Школа Бочвара
Родилась я в 1927 году. Окончила школу в 1945 году в маленьком уездном городке Кузнецк в Пензенской области. Любимым моим предметом была химия. После школы я целенаправленно приехала в Москву и поступила в МХТИ (ныне РХТУ имени Д. И. Менделеева).
В то время химическая промышленность была на подъеме, а страна жила ожиданиями нового витка развития. Это было модно. Тогда никто в учебных заведениях атомной энергией не занимался. Были курсы в Менделеевском институте по подготовке инженеров неорганической и органической химии. На органическом направлении, куда записалась и я, освещались электрохимия, металлургия, нанесение защитных покрытий от коррозии и т. д.
Начиная с 4 курса в нашем институте стали набирать студентов на топливный, силикатный и физико-химический факультеты. Была вокруг этих направлений некая таинственность. Все знали, что затевается что-то грандиозное. Атомная отрасль тогда еще не обрела статуса промышленности. Создавался новый и неизведанный мир строения вещества. Все мы были объединены причастностью к чему-то грандиозному, важному...
Нам начали читать лекции по предметам, которых не было в институте. Вначале нас посвящали в геохимические вопросы: руды, выделение урана; затем начались курсы по строению атома, ядерной физике, радиационной химии, влиянию облучения. Читать эти лекции пригласили лучших профессоров из университетов, в том числе и Виктора Борисовича Шевченко. Ходили слухи, что он — директор сверхсекретного НИИ. Позже мы удивились, когда, поступив на работу, увидели там наших лекторов. Кстати, многие из новых предметов впоследствии ввели в программу обучения и на других факультетах.
Студенты собирались в аудитории. Народ толпился и все приходил, был настоящий ажиотаж. Тот, кто попал в списки избранных, чувствовал какую-то исключительность — им доверили секреты. Вызывали в комнату рядом, а там предупреждали, чтобы мы не распространялись о содержании лекции. Учебников не было, работали по отчетам, хранящимся в 1-ом отделе. Утром берешь документ, а вечером сдаешь под роспись.
На преддипломной практике в течение полугода я работала в институте физической химии Академии наук. Попала я в лабораторию, которая занималась электрохимией и коррозией. Моим научным руководителем стал известнейший ученый, профессор, доктор химических наук, крупный ученый в области физической химии, лауреат премии Уитни (США) Никон Данилович Томашов. Многие его книги изданы за рубежом, а по монографии Н. Д. Томашова до сих пор занимаются студенты Массачусетского технологического института.
После сдачи дипломной работы началось распределение. Мне предложили остаться в институте физической химии, и я согласилась.
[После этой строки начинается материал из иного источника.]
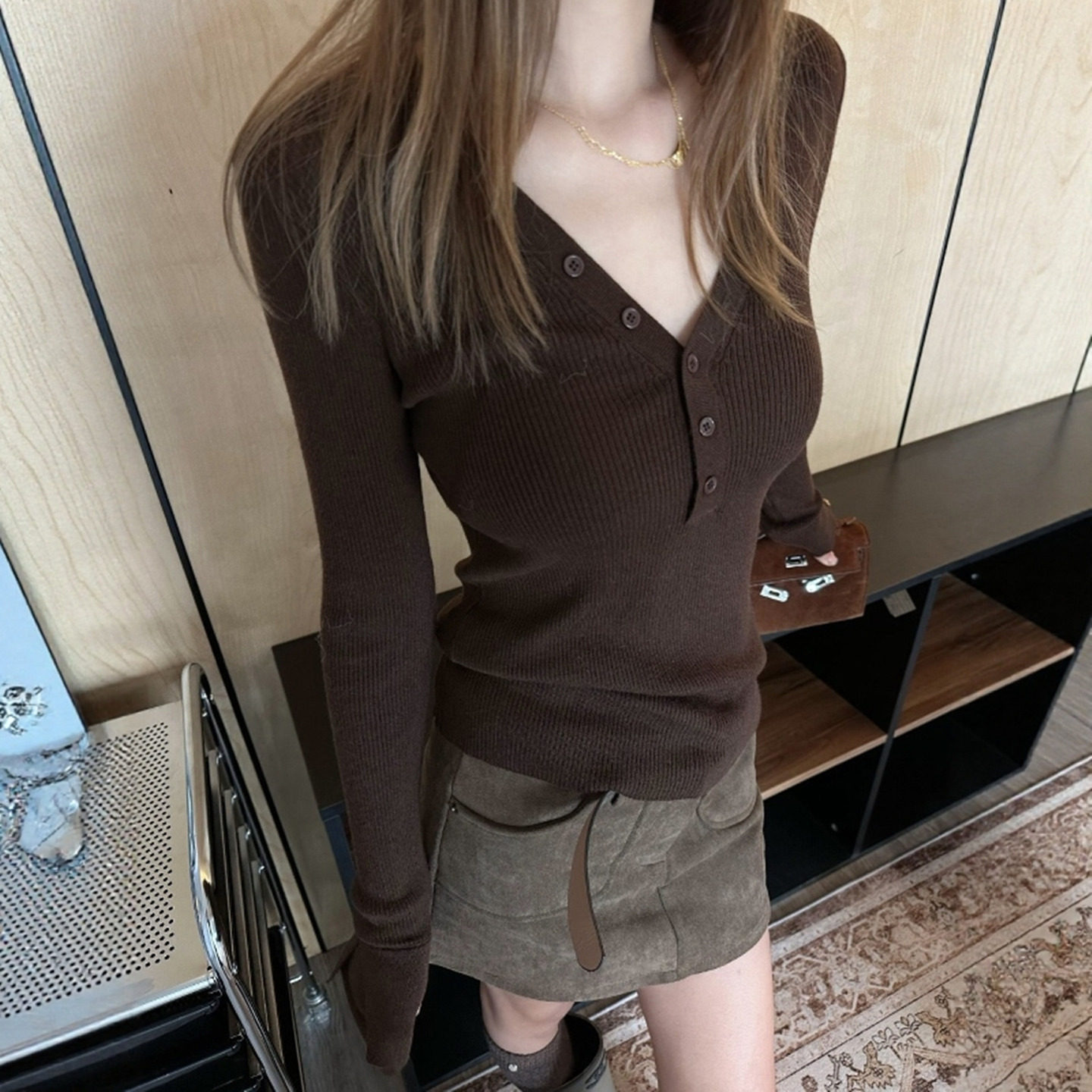 设计高级感纽扣咖色v领针织衫女秋冬内搭修身收腰毛衣打底衫上衣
Заявку на меня отправили, но подтверждения не получили. Пришло распределение в НИИ-9 (ныне АО «ВНИИНМ»). Я только головой кивнула — выбирать не приходилось.
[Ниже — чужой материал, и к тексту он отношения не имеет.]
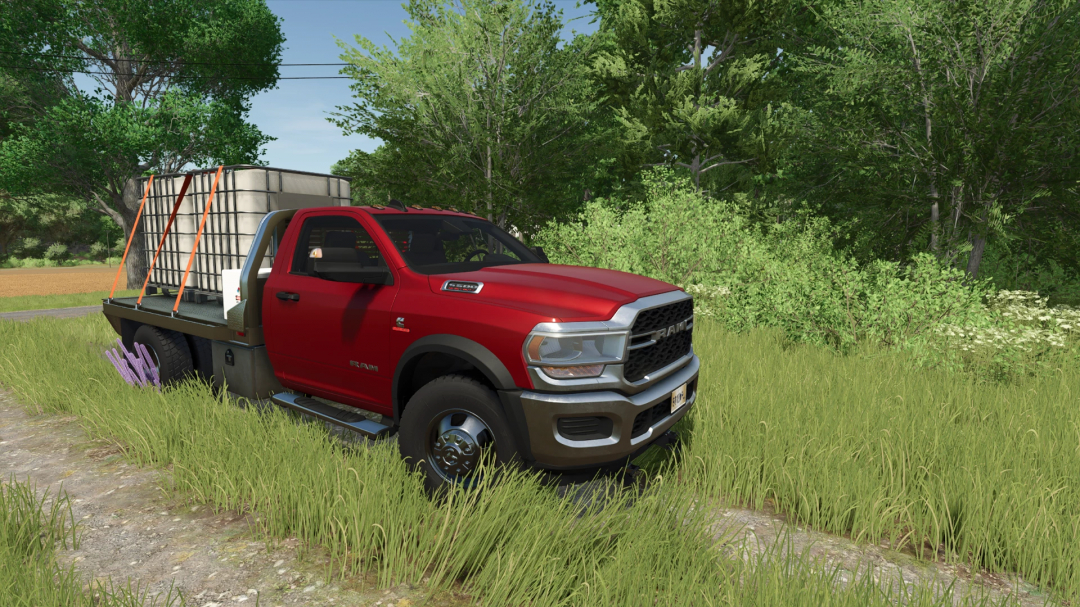 FS25 mod Dodge Ram 5500 v1.4.0.0 in grassy area, featuring cargo on flatbed.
Меня сразу направили в только что созданную лабораторию, занимавшуюся защитой металлов от коррозии. Я попала на работу в институт, который только строился и формировался. Его директором был Виктор Борисович Шевченко, а во главе нашей лаборатории стоял известный член-корреспондент Академии наук СССР Николай Алексеевич Сгаршин. Он был электрохимиком с мировым именем, и лаборатория в основном занималась материалами для реакторов.
Когда в 1952 году пришел Андрей Анатольевич Бочвар, меня перевели в группу, которая занималась радиоактивными металлами по оборонной тематике. И вот с того самого времени с этой тематики я уже никуда не уходила.
В 1953 году из длительной командировки вернулся работник нашей лаборатории Иван Васильевич Шаталов. Он был на стажировке в КБ-11 (ныне РФЯЦ ВНИИЭФ), которым руководил Ю. Б. Харитон. С его прибытием нашу лабораторию разделили на две части. Одна начала заниматься проблемами коррозии металлов, применяемых в реакторостроении, а вторая — оборонной тематикой, куда перевели и меня.
В то время, учитывая особую важность и секретность работ, начала строиться научная школа, которую позже назовут «бочваровской». При каждом начальнике лаборатории или отдела был технический совет. Ежегодно подводились итоги и намечались планы работ. Собиралось лабораторное собрание, на котором выступал руководитель и директор, после чего ставились задачи на следующий год. Кроме технического совета, в каждой лаборатории проходили научные семинары. Андрей Анатольевич Бочвар требовал, чтобы сотрудники читали научную литературу и знали не менее двух языков.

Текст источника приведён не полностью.